Tseshaht First Nation and Parks Canada have signed a historic agreement on planning and management of the Broken Group Islands in Pacific Rim National Park Reserve.
The signing ceremony took place in the Great Room at the Tseshaht administration building on April 19 and included officials from both Parks Canada and Tseshaht, including Ha’wiih Albert Clutesi, who made the trip from Victoria for the event.
“This is the culmination of five years of work,” Tseshaht Chief Councillor Les Sam said. “It actually goes back further than that. When I became chief councilor, I contacted Alex Zellermeyer (then superintendent for Pacific Rim National Park). I told him Tseshaht had to be there, doing cultural guiding and supervising the site, because this is our birthplace.”
Bill Fisher, Parks Canada vice-president for Western and Northern Canada, called the Broken Island Group “one of the most stunning areas on Canada’s West Coast.”
“These islands are also a place with rich human history,” Fisher said. “In 2001, Parks Canada and Tseshaht undertook to collaborate on an archaeological study on Benson Island. This research determined that the site had been occupied for at least 5,000 years. Out of cultural respect for the significance of the site, Benson Island was closed for camping and was commemorated with a house post and an interpretive sign for visitors.”
Parks Canada closed down its Benson Island campsite in 2009. The next year, Tseshaht hired a Patrol Person, Ed Ross, to oversee the Broken Islands.
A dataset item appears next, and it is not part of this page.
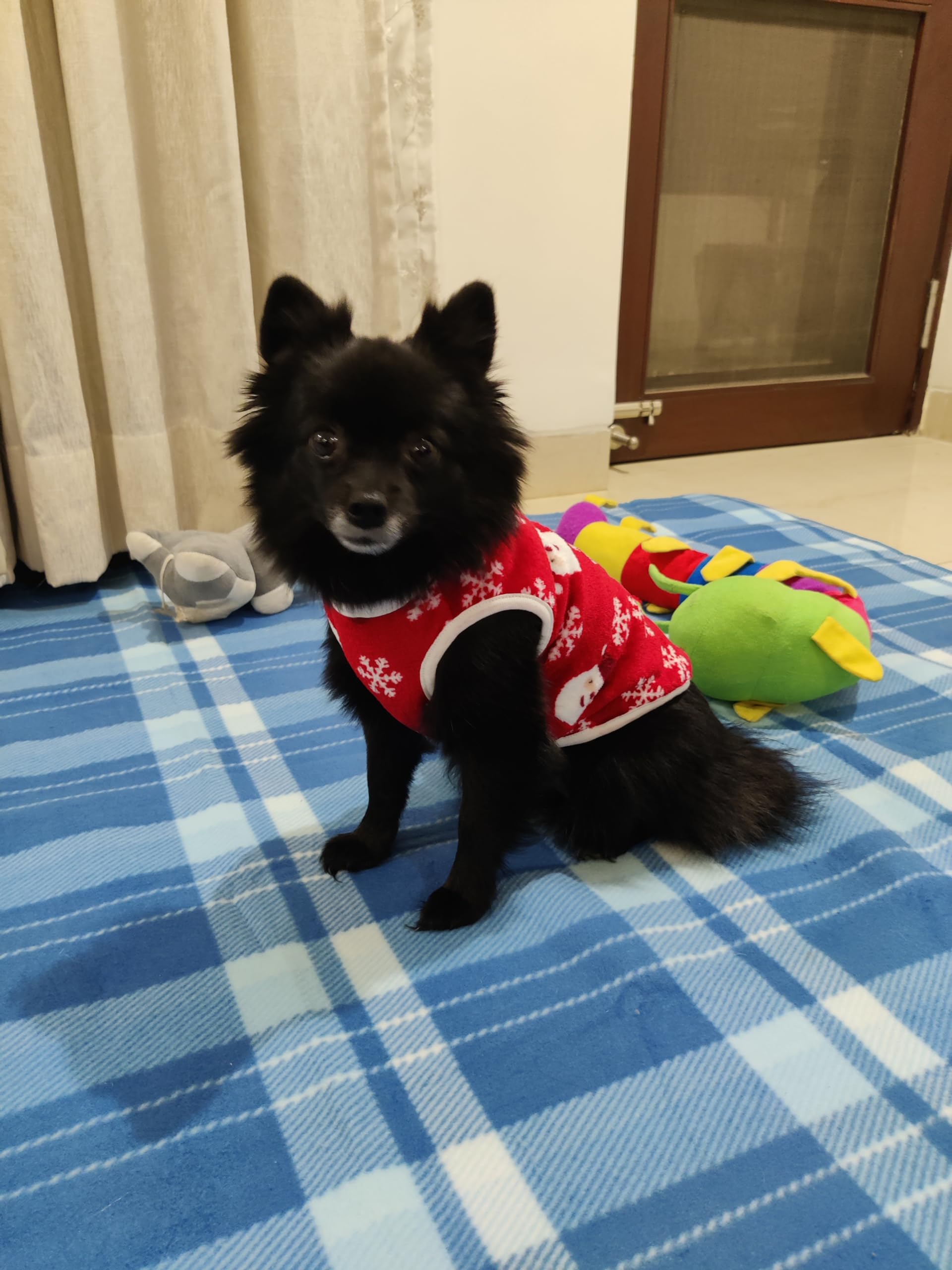 Freshly Barked Dog Christmas Sweatshirt Tshirt Red White Winter Xmas Santa Print Adorable Pet, Puppy Clothes for Style and Cozy Comfort Clothes (M) (B0CQ59RBN6) Amazon Price History, Amazon Price Tracker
In 2011, the program was renamed Beach Keepers, with a bigger crew of Tseshaht staff.
Fisher said the pubic response to the Tseshaht presence in the Broken Group has been “extremely positive.”
“Recently, Tseshaht also worked with Parks Canada to provide a very memorable season finale for the reality TV show, Operation Unplugged,” Fisher said. “These are just a few of the examples of how working collaboratively benefits not only Parks Canada and Tseshaht First Nation, but also Canada as a whole.”
Sam said the agreement acknowledges Tseshaht aboriginal title in the Broken Island Group, and now opens the way for economic development initiatives such as aboriginal tourism, which would include interpretive guiding and possibly accommodations.
More crucial, perhaps, is the need to protect Tseshaht heritage sites and burial caves against damage caused by visitors.
“Tseshaht had a number of fishing villages in the islands that became displaced when the fisheries were shut down,” Sam said. “We will continue to work with Parks Canada because we don’t have the budget to manage the whole area.”
Sam said for Tseshaht, one of the major reasons for rejecting the 2001 Agreement in Principle, the proposed master treaty for Nuu-chah-nulth nations, was the lack of adequate protection for Tseshaht interests in the Broken Island Group. Those concerns have now been largely addressed, he said.
“Once we sign off on the cooperative work agreement, it’s just the beginning of the work,” he said.
The memorandum of agreement acknowledges both Tseshaht aboriginal title and the Maa-nulth Treaty, signed in 2009 by five Nuu-chah-nulth nations. Pacific Rim National Park Reserve was created in 1970 and continues to be managed under the Canada National Parks Act until all issues of aboriginal claims to rights and title are resolved.
In their post-signing remarks, both Sam and Councillor Willard Gallic gave a special acknowledgement to Karen Hogan, First Nations program manager for Pacific Rim National Park, who is a member of Huu-ay-aht First Nation.
“She is the one who kept us together,” Gallic quipped. “We know where her heart is. She knows what her job is.”
“This was my first task when I was hired,” Hogan said. “They brought me in and said, ‘We want you to build a relationship with Tseshaht.’ This is more than a success for Parks Canada–this is a success for Nuu-chah-nulth.”
Following the signing, Sam caused a stir when he announced that the document would be known as the Kwatyaat Agreement, after the Creator of All Things, including the Broken Group Islands.
Archaeologist Denis St. Clair, who has studied Tseshaht historic sites over 40 years, said the Broken Island name is of special significance to Tseshaht people, and it stems from the Tseshaht Origin Story.
“It was Kwatyaat’s son Kapkimyis, who created the first Tseshaht man and woman, from his own blood, and it all happened on Benson Island,” St. Clair said. “He created a river for them and he taught them all the foods that were there and how to use them.”
When Kapkimyis became angered at the man and woman, he broke up the riverbank, and the broken pieces drifted off into the sea.
But the naming of the Broken Group Islands by Europeans did not reference the traditional knowledge of the inhabitants, St. Clair said.
“They didn’t give a damn about the Tseshaht Origin Story,” he explained. “It wasn’t until after they put it on the map that the archaeologist Edward Sapir learned the story.”